In the years since Landrieu left the mayor’s office, many younger New Orleanians take his achievements for granted, said Judge Edwin Lombard of the 4th Circuit Court of Appeal.
“Back then, nobody took them for granted,” said Lombard, who called Landrieu a "once-in-a-lifetime" public official. "He went well beyond what would have been expected during that time."
A year after Landrieu left City Hall, President Carter, in a reshuffling of the Cabinet, appointed him as secretary of the U.S. Department of Housing and Urban Development.
Although Carter praised Landrieu’s achievements in New Orleans at his swearing-in, the principal reason the president summoned him to Washington was to bolster Carter’s sagging popularity, said Larry Kullman, Landrieu’s executive assistant at HUD.
“He did a lot of traveling around the country to get publicity for HUD housing, for housing for the elderly, for subsidized housing, to show that HUD was doing a lot of good things in a lot of places,” Kullman said.
Despite the prestige of being a Cabinet member, Landrieu chafed at the sluggish federal bureaucracy. In an interview with The Times-Picayune, Landrieu acknowledged the importance of the federal job, but, he said, “It’s like driving a huge ship at sea: You can steer it well and see that it doesn’t get into trouble, but it doesn’t move very fast.”
Landrieu left Washington in January 1981, when Ronald Reagan succeeded Carter. Eleven years later, he ran and won a seat on the 4th Circuit Court, filling the unexpired term of Jim Garrison.
For Patricia Rivet Murray, who took a seat on the appellate court in 1994, Landrieu was a mentor. “He was a wonderful sounding board,” she said. “He certainly had opinions. You could argue with him, and he loved to argue.”
He was re-elected in 1996 and retired in 2000.

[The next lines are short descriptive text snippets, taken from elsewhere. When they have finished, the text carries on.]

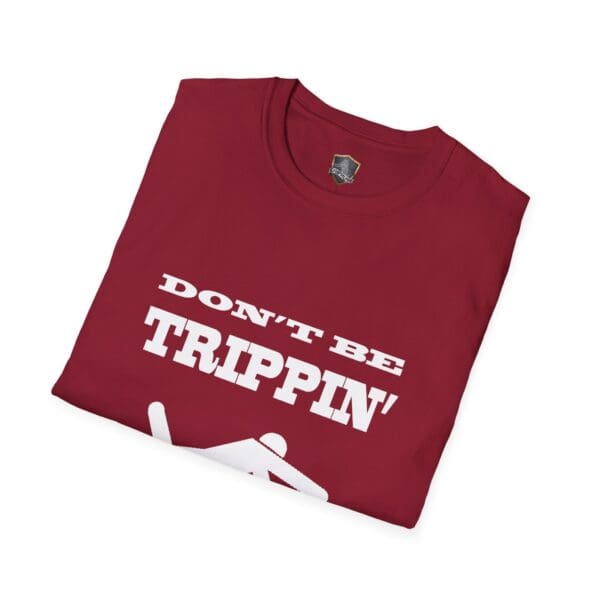 A folded red "Don't Be Trippin'" T-Shirt featuring white text and an image of a stick figure slipping.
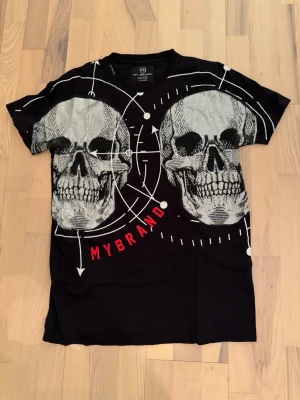 Svart t-shirt med döskallar från MyBrand - Cool svart t-shirt från MyBrand med två stora vita döskallar och grafiska detaljer framtill. Trycket har även röda bokstäver som stavar 'MYBRAND'. Klassisk rund hals och korta ärmar. Perfekt för dig som gillar edgy streetwear. Den är i bra skick endast att ”stenarna” har fallit av under armhålorna men inget som syns när man använder den. Storlek XL men passar mig som har L. Hör av dig vid fler frågor och funderingar, pris kan diskuteras 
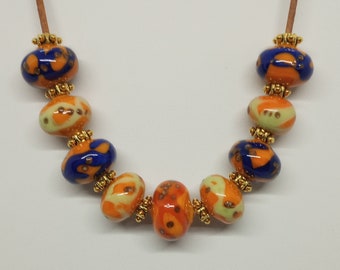 Handmade Lampwork / Torchwork Glass Bead Necklace - Opaque Orange with Trails of Cobalt Blue, Grasshopper Green & Red with Added Copper Frit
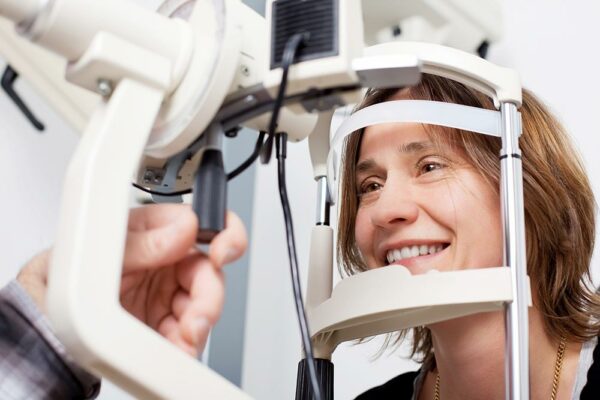 Woman getting an eye exam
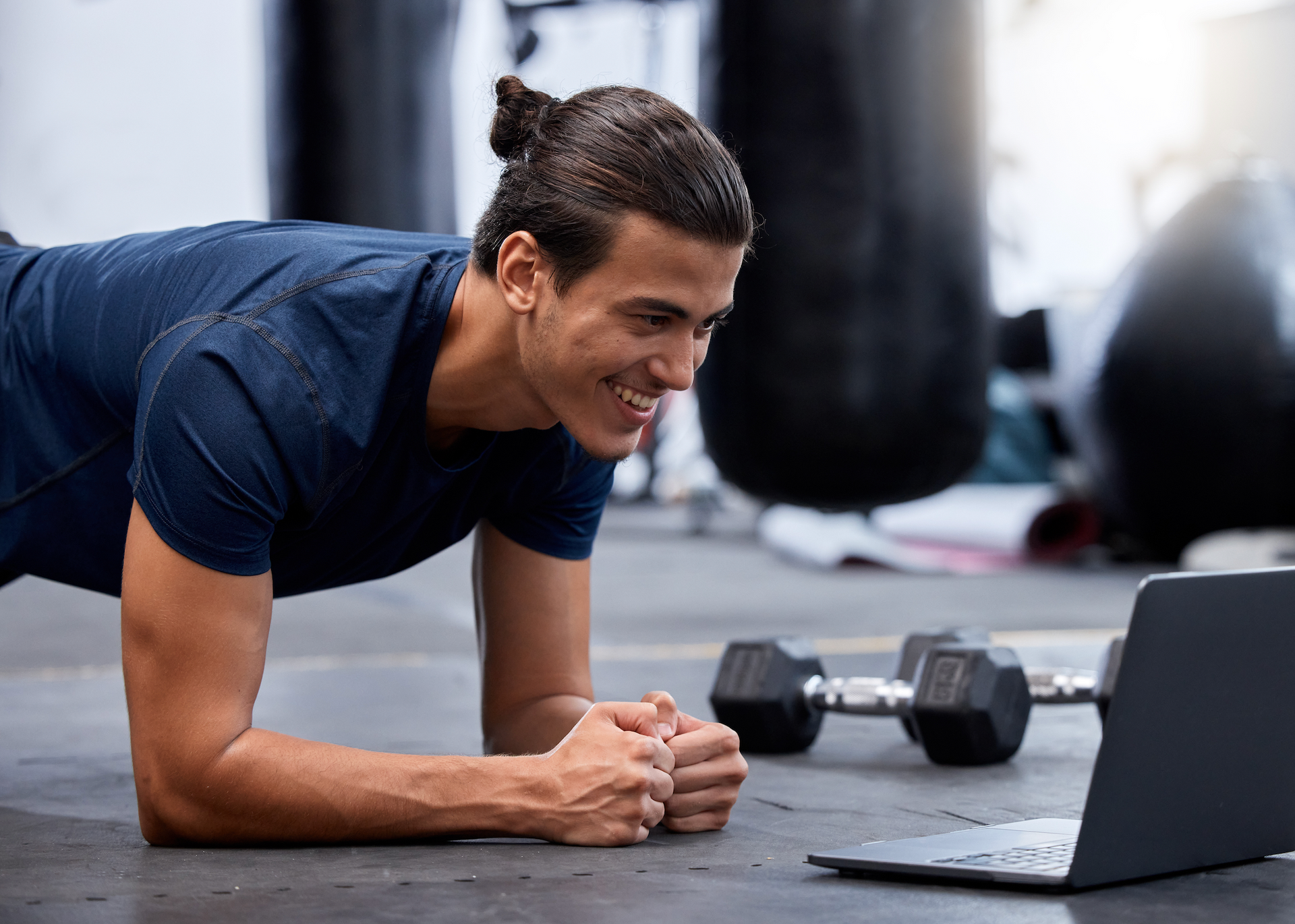 A man is doing a plank while looking at a laptop in a gym.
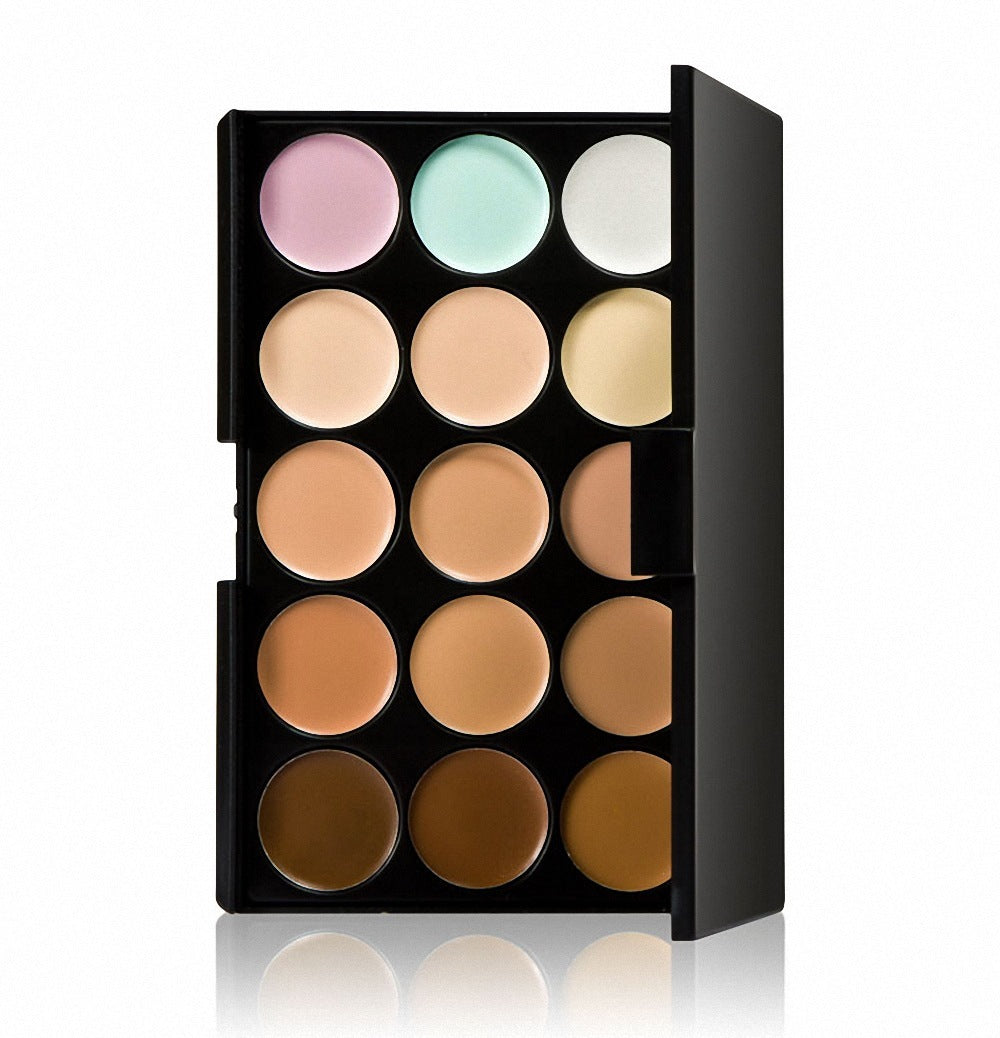 Makeup palette with various shades of cream in a black box on a white background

Although his campaigning days were over, Landrieu still had political advice for his children.
Before Mitch Landrieu took office as mayor in May 2010, his father told him, “On May 3, you own every pothole in the city.”
And Madeleine Landrieu said her father told this to her, Mitch and Mary before they ran for office:
“You are not elected to be re-elected; you are elected to serve. Exercise your best judgment. If that means you won’t get re-elected, I’ll still love you. Your mother will still love you.
“You’ve got to pick your battles and negotiate what you can negotiate. You want to live to fight another day because you believe in the fight.”
Survivors include his wife, Verna Satterlee Landrieu; four sons, Mark, Mitch, Martin and Maurice Landrieu Jr. of New Orleans; five daughters, Shelley and Madeleine Landrieu of New Orleans, Mary Landrieu of New Orleans and Washington, D.C., Melanie Cook of Mandeville and Melinda Seiter of Mobile, Alabama; 37 grandchildren; and 16 great-grandchildren.
Funeral arrangements are incomplete.